Like many mothers in China, Luo fills her children's time at home with lessons: piano on Friday evenings, Chinese tutoring on Saturday mornings, art on Sunday afternoons. There is no television in the apartment; instead, Luo bought a new upright piano for 15,000 yuan ($2,200).
"I feel that with the kids, I should do everything possible to give them as many education opportunities as I can," she says. "When they grow up they'll be able to get ahead."
Luo, 40, seems stretched a bit thin trying to keep up with the kids. She folds clothes laid out to dry on a space heater while trying to cajole them into picking up toys. She follows after the girls with a hairbrush, but they play with stuffed animals as if she's not there.
Luo does not work, although she says she would eventually like a job. She is supported by her brother, a successful businessman. He pays for the children's schooling _ 7,000 yuan (about $1,000) a semester a child _ and owns their apartment.
The Bakers renewed contact with Anna after her parents separated, and they call every Saturday afternoon. They send care packages filled with Anna's favorite things: stuffed animals, macaroni and cheese, chocolate.
Louise Baker wonders if it's common for young children in China to go to boarding school. In fact, many parents who can afford it send away children as young as 5 or 6 because they think a structured setting is better for education or they are simply too busy with work.

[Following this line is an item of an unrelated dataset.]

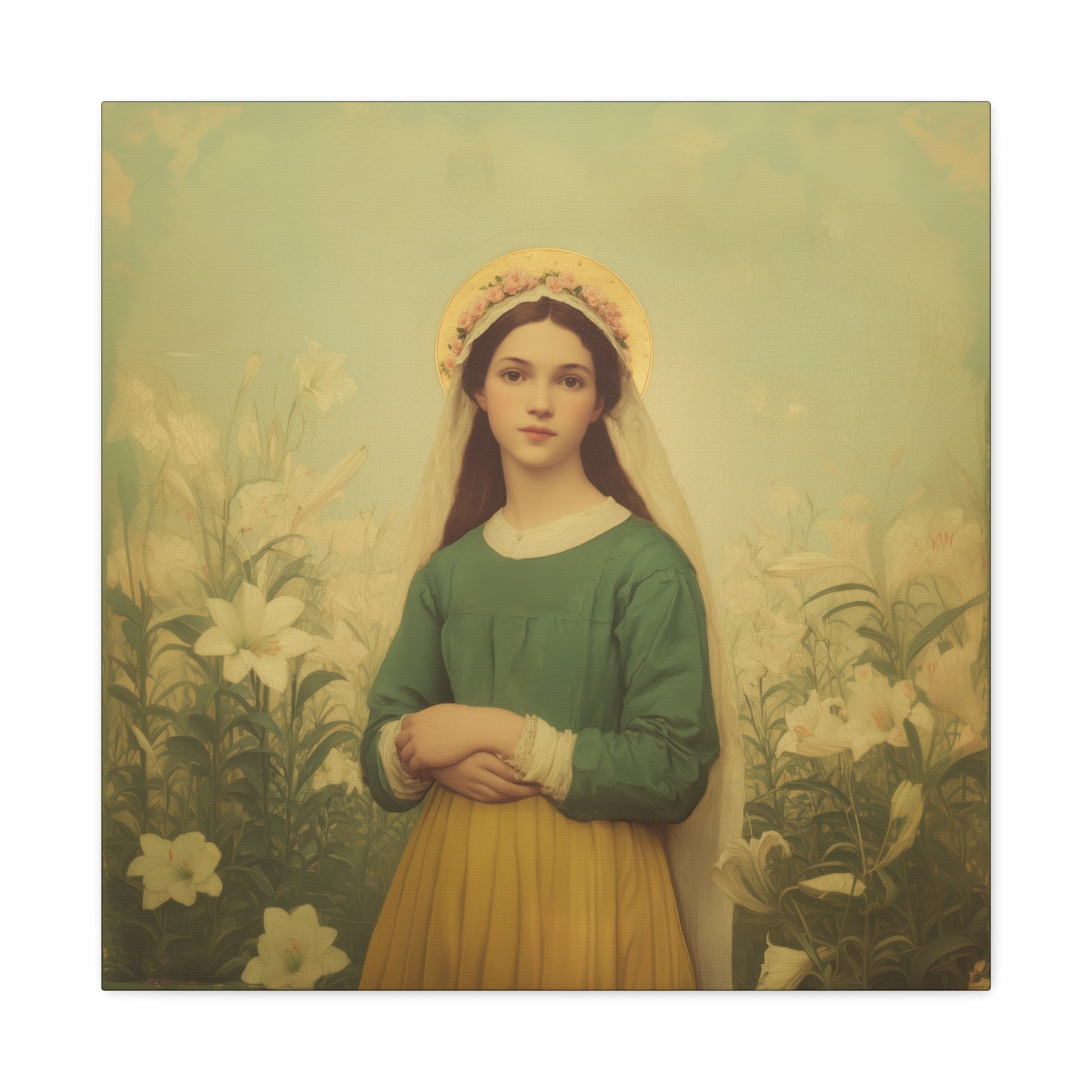 Saint Maria Goretti - Museum Wrapped Canvas - Sanctified Souls Print - Religious Art for your Home - Catholic Patron Saint Art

"Things have gotten really good," Baker says in a telephone interview. "At first she was real quiet, standoffish, but now she chitter-chatters a lot."
Baker won't talk about Anna's current situation. All she will say is, they're happy Luo has the children and "grateful" to her for allowing the telephone calls. They are discussing the possibility of a visit.
"We just want her to be happy and to grow up and to continue to love the Lord," Baker says, unable to hold back her tears. "We're just happy she's got the love of two families."
___
Anna and Avita sleep in adjoining beds on the fourth floor of a large dormitory building, sharing a room and bathroom with about 20 other girls. They are supervised by one teacher.
The children are out of bed at 6:30 a.m., back in by 8:25 p.m. The day starts with a morning run and ends with showers, three girls to a stall to speed things along. They wash their hair once a week, on Thursdays.
"I really hate living at school," Anna says. "The only good thing is going home."
Luo is hoping to get enough money to send the children to an international day school in Chongqing. She expects to receive a large compensation package from the demolition of a house she owns there.
She also thinks about moving back to the U.S., although she knows it would be hard to find a good job with her limited English.
"They were born there, they're used to the lifestyle there. There's not so much pressure on them at school," she says.
On the coffee table at home is a small purple notebook pasted with messages on colorful paper from Anna's former classmates. Anna reaches for it.
"Some of them are in cursive," she points out, reading aloud. "Dear Anna, I hope you have an awesome birthday and a great time in China. I'll miss you." "Dear Anna, have a very happy birthday, I hope all your wishes come true."
After looking at more than a dozen notes, Anna turns to a blank page.
"No more," she says, matter-of-factly. "No more."